Sebastián GÁMEZ MILLÁN

Aquellos que no necesiten lentes verbales para aproximarse a la pintura pueden hacer muy bien prescindiendo de las siguientes palabras. En cambio, aquellos que quieran pasar antes o después de esta breve selección de pintura por estas lentes verbales, sírvanse de ellas si y sólo si les permite aclarar la mirada y ahondar en la comprensión, no sólo de la pintura sino del mundo al que apunta esta singular obra, que es el nuestro y no es el nuestro.

Sobre estas líneas, Pequeños robles de la sierra, óleo sobre lienzo, 34 x 89 cm. Arriba, Penvern, óleo sobre lienzo, 65 x 81 cm. Ambas obras por Juan Carlos Savater.

Nacido en San Sebastián durante 1953, Juan Carlos Savater estudia en la Real Academia de Bellas Artes de San Fernando de Madrid, ciudad en la que actualmente reside. Ha expuesto de manera individual en la galería Sen de la capital, Caja de Ahorros Municipal de San Sebastián, las galerías madrileñas Alençon, Estiarte, Moriarty, Trama y Antonio Machón; galerías Atlántica de Oporto, Berini de Barcelona, Dieciséis de San Sebastián, Bretón de Valencia, Miguel Marcos de Barcelona, Leandro Navarro de Madrid, Sala Fundación BBK de Bilbao, Espacio Caja de Burgos o Monasterio de Santo Domingo de Silos, entre otros.

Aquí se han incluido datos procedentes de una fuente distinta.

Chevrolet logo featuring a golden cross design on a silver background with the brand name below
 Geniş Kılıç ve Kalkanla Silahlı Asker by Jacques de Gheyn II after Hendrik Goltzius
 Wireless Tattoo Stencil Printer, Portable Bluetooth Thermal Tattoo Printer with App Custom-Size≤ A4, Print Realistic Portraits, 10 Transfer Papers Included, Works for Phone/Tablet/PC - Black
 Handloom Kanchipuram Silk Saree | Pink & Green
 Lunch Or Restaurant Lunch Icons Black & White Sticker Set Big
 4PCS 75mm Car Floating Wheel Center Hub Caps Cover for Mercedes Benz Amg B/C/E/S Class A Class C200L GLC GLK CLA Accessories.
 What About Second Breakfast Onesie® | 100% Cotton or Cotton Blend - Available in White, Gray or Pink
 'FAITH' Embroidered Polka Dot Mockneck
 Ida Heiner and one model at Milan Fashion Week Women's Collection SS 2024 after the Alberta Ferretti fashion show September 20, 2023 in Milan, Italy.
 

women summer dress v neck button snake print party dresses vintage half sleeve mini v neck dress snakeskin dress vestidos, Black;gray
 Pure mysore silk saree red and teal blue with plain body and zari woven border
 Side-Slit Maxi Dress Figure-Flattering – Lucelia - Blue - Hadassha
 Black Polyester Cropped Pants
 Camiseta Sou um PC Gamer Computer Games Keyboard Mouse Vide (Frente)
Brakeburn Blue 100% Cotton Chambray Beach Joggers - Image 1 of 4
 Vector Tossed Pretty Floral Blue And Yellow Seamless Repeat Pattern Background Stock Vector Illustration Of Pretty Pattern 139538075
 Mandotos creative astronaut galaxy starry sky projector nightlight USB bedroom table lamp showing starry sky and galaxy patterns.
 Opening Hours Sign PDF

Y de modo colectivo ha expuesto en reconocidas galerías nacionales e internacionales, entre las que cabe destacar la del Museum Am Ostwall, Die Internationale Kunstmesse de Basilea y Wissenschaftszentrum de Bonn en 1984; XIX Bienal de Sao Paulo y Dynamiques et interrogations (Arc, París) en 1987; Bienal de Venecia y World Expo 88 de Brusbane (Australia) en 1988; Prospect 89 en Fráncfort, Albright Knox Art Gallery de Nueva York, University of Houston, University of Washington, University Art Museum de California y 6A Montenapoleone de Milán. A continuación procuraré ofrecer una introducción a su obra a partir de cinco conceptos.

Pluriestilismo

Hay artistas que más pronto que tarde descubren su ámbito, su atmósfera, su estilo y no cesan de ejecutar variaciones sobre lo mismo. Por el contrario, hay otros cuya evolución y estilo es una metamorfosis sin fin. La obra de Juan Carlos Savater pertenece sin duda a esta segunda estirpe, hasta el punto de que a veces no parecen del mismo autor.

Uno de los criterios que guía esta breve muestra es precisamente ofrecer una visión de este pluriestilismo, que es diversidad y riqueza expresiva. Si nos demoramos en la pintura con la que abrimos esta selección, Mapa de la pequeña tierra, que recuerda en mí a una de las obras maestras de Ángeles Santos (1911-2013), Un mundo (1929); o bien nos detenemos en Cárabo, Rosa y mujer muerta y, sobre todo, Penvern, podemos reconocer reminiscencias del Bosco (1450-1516) y elementos surrealistas, como objetos descontextualizados o de un tamaño sobrenatural, así como un sentido del humor que no está tan presente en su obra posterior. ¿Hasta qué punto es el humor incompatible con la espiritualidad?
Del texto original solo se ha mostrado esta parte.